Вот почему, когда мне говорят (к примеру), что Иосиф Бродский – гениальный поэт, я сразу требую: “Строфу наизусть”. Молчание и растерянность. “Строку наизусть”, – продолжаю требовать я. Тишина. Не участвует в обиходе.
Дело не только в том, что мы не можем прочитать наизусть строку или строфу, но что эта “поэзия” не живет в нас, не образует нас, не освещает нашу жизнь, то есть ее для нас фактически нет…
Я не хочу сказать, что это единственный правильный критерий в оценке искусства, но все же я бы его не сбрасывал со счетов.
Кроме того, бывает изредка и так, как предсказывала Марина Цветаева: “Моим стихам, как драгоценным винам, настанет свой черед”.
Первое стихотворение Георгия Иванова, которое “вошло в мой обиход”, было для меня безымянным, просто услышал где-то, от кого-то и сразу запомнил, благо и всего-то восемь строк.
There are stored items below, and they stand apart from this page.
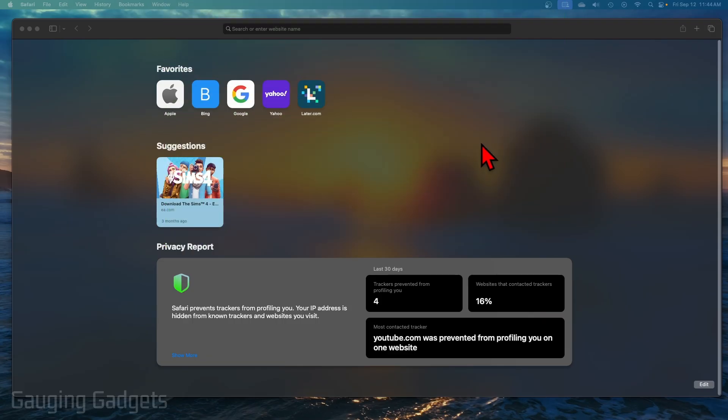It's important to understand that there is no way to manually update Safari. Safari is updated when you update the overall software for your Mac. So to check and see if we have any software updates available for our Mac, it's really easy.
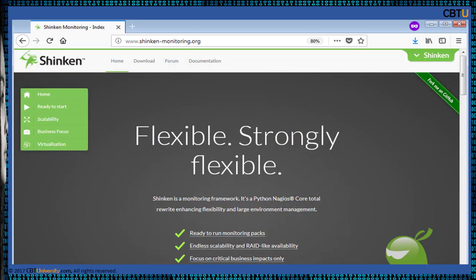Shinken is an open source network monitoring application compatible with Nagios. It is a monitoring framework — essentially a rewrite of Nagios Core — enhancing flexibility and large environment management. It watches hosts and services, collects performance data, and alerts users when error conditions occur and again when conditions clear. Shinken's architecture aims to offer easier load balancing and high availability. The administrator manages a single configuration, which the system splits into parts and dispatches to worker nodes.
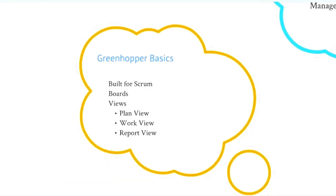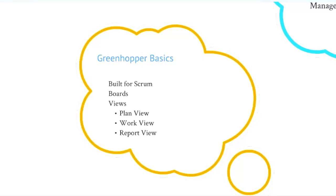part of the Atlassian suite of development software that is intended for agile development teams to leverage a tool that helps them more natively follow agile practices.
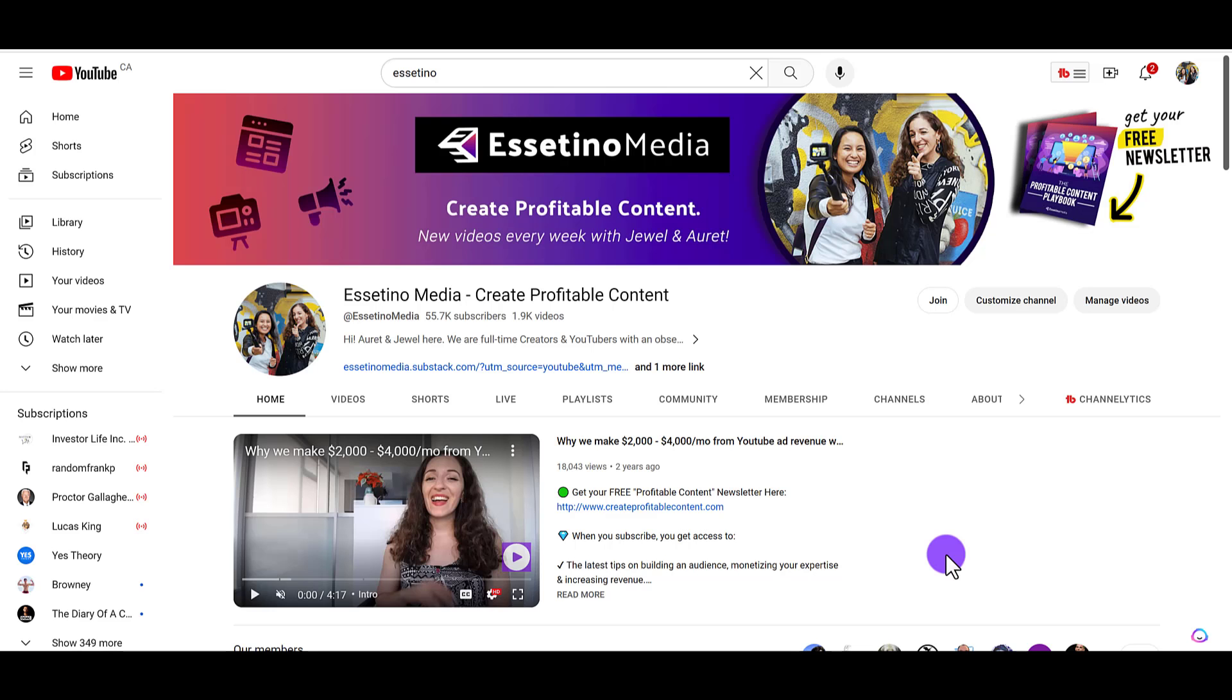So if you found this video helpful, please let us know by giving us a thumbs up. That would be greatly appreciated. Thank you so much for watching and I'll see you in the next video.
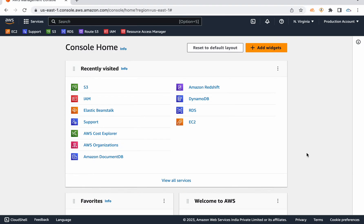You need system security, and then you need the resources ready, and then application delivery. It's a complex process.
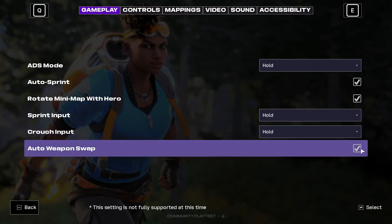If you want to disable it and manually change the weapon, simply uncheck this checkbox. But if you want to change your weapon automatically, then enable this button.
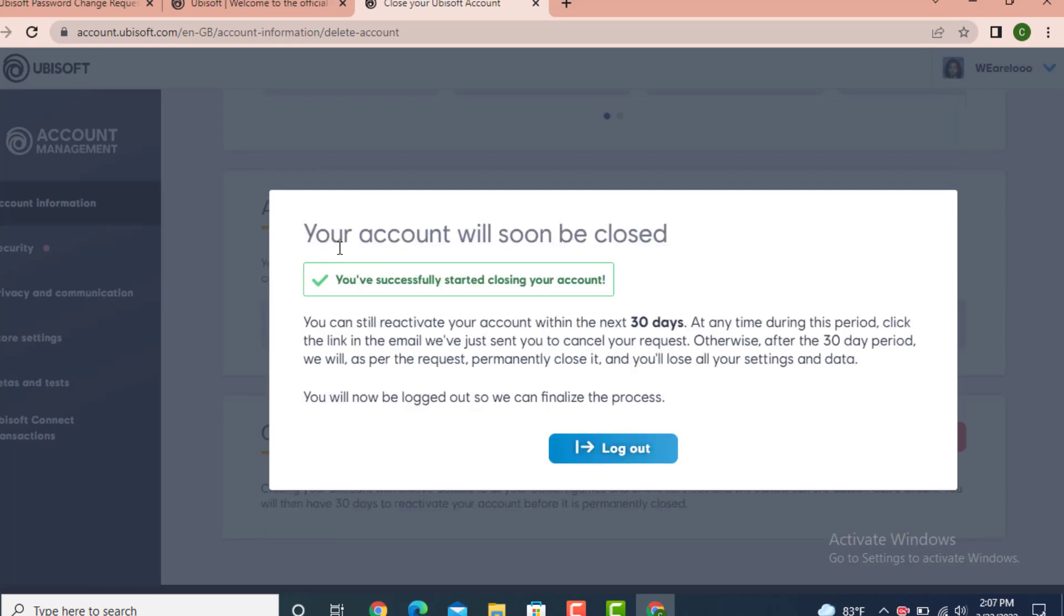Next you see that your account will soon be closed. You have successfully started closing your account. For the next 30 days you'll be able to access it, but after 30 days your account will be deleted permanently.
Это была пора, когда национальное самосознание стало подавать признаки жизни. Это была пора, когда вслух, перед большими аудиториями произносились слова “Государь”, “Наследник”, “Монархия”, “Великая Россия”… Это была пора многолюдных литературных вечеров (впрочем, не только литературных, там и пели, и просто произносили речи). Народу в обширных залах собиралось многие тысячи. В самые патетические моменты люди вставали, овации походили на бурю.
Мне пришлось участвовать в нескольких таких вечерах. Как раз у меня накопилось несколько стихотворений, которые соответствовали настроению собравшихся, и сами мои стихи способны были возбудить и создать соответствующее настроение.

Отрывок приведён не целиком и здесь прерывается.